Want to know what it’s like to go on a successful archaeological dig in the southern New Mexico desert during a hot summer? Read Robert Froese’s new novel, “A Dark Music,” in which he describes the science of archaeology as an “endless backbreaking letdown,” and “like working a construction site where nothing gets built.” The excitement, however, for the scientists and their students comes when something does get discovered, and in this arresting novel, something big is unearthed, a mummy from perhaps 23,000 years ago, maybe “the archaeology find of the century.”
Some readers initially may be turned off by the plethora of geological terminology, which mostly goes unexplained, with terms such as spall, tuff, carpring, bioturbation, lithics, taphonomy and chert debitage. But the book is not only a good introduction to what it is archaeologists actually do, it’s also a love story between the two main characters. Emily Franklin is an undergraduate who makes her own jewelry from stuff she collects, and who is on her first dig. Will Stanton is a graduate research assistant, who is described as a “stone and tool” specialist with the hots for mathematical analysis, who also enjoys going naked in the desert.
Emily, adventurous as Will, enjoys exploring the desert by herself, which leads her into dangerous territory a couple of times when she is almost killed during a lightning storm and is almost raped by another man who is part of the team in the camp. There’s a mountain lion on the prowl, too, which makes everyone nervous.
However, it’s the landscape itself that’s the strongest, most unforgettable character in the story, lovingly described throughout.
“The land is a text,” Froese writes, “a meaningful complexity of sand and rock, dust and vegetation. Long ago the first human beings ventured here, left their marks, and vanished. And the land went on rearranging itself, gathering and tilting its shapes like waves against the wind, against the sun. And now THESE human beings arrive. They cut carefully into the record, knell and squat together, quietly contemplating. As if the ones who came before were sending messages.”
“Archaeologists,” explains the author, “even under normal circumstances, are highly territorial creatures” … and “cataclysmic burials are the sort of territory attractive to dogs and archaeologists.” He reminds us, too, that “geology has not stopped. We are still embroiled in it. … we practice science because of the need to understand. It’s not a practice we can afford to take lightly.” He has one of his characters say at one point, “Whatever is here, the stone knows.”

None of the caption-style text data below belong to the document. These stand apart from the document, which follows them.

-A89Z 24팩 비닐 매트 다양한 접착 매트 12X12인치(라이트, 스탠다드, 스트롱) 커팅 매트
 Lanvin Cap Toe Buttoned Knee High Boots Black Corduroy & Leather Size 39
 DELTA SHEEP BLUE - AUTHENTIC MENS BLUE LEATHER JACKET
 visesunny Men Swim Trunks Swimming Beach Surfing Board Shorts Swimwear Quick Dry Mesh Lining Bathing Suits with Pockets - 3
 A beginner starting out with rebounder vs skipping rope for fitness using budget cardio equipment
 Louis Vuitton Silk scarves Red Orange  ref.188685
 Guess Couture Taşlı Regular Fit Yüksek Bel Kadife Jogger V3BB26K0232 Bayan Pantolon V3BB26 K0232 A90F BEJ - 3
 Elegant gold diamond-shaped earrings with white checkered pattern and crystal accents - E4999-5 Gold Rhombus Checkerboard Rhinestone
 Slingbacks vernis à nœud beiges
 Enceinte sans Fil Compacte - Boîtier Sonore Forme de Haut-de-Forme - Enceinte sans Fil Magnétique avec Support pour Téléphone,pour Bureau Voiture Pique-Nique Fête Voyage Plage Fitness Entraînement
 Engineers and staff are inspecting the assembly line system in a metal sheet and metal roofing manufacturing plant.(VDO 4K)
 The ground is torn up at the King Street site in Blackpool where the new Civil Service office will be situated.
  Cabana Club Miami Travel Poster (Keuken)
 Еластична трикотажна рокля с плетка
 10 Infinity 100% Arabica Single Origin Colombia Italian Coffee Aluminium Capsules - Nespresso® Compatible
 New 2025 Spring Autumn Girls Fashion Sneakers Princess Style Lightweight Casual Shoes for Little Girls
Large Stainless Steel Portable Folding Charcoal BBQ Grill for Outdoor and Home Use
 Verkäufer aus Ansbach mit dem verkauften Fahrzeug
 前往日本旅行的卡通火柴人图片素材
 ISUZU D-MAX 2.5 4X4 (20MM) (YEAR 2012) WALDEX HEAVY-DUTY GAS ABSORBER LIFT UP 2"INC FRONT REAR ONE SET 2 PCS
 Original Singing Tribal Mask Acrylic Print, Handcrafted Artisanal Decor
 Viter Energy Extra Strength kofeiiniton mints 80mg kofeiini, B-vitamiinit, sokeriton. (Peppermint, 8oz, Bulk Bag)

The title of the book is explained right at the beginning of the dig when young Emily begins to realize “And so, too, like a dark music, those first humans at some point entered and occupied this space.”
Whether he intended to, the author makes a good case of archaeology being a lot like writing, digging out the story, the poem, the human history.
Robert Froese, a professor of creative writing and film at the University of Maine of Machias, has published two previous novels, “The Hour of Blue” and “The Forgotten Condition of Things.” As a scholar, he’s well-qualified to write about archaeology since he has a bachelor’s degree in geology from Rensselaer Polytechnic Institute, where he also received his master’s degree in communications. He also holds a master’s and doctorate in English from SUNY-Albany. He lives in Machias with his wife, Leonore Hildebrand, who is an artist, and who provided the handsome cover design of the New Mexico desert for “A Dark Music.”
Self-published, the book is available from the author at Flat Bay Press, P.O. Box 217, Harrington, Maine 04643.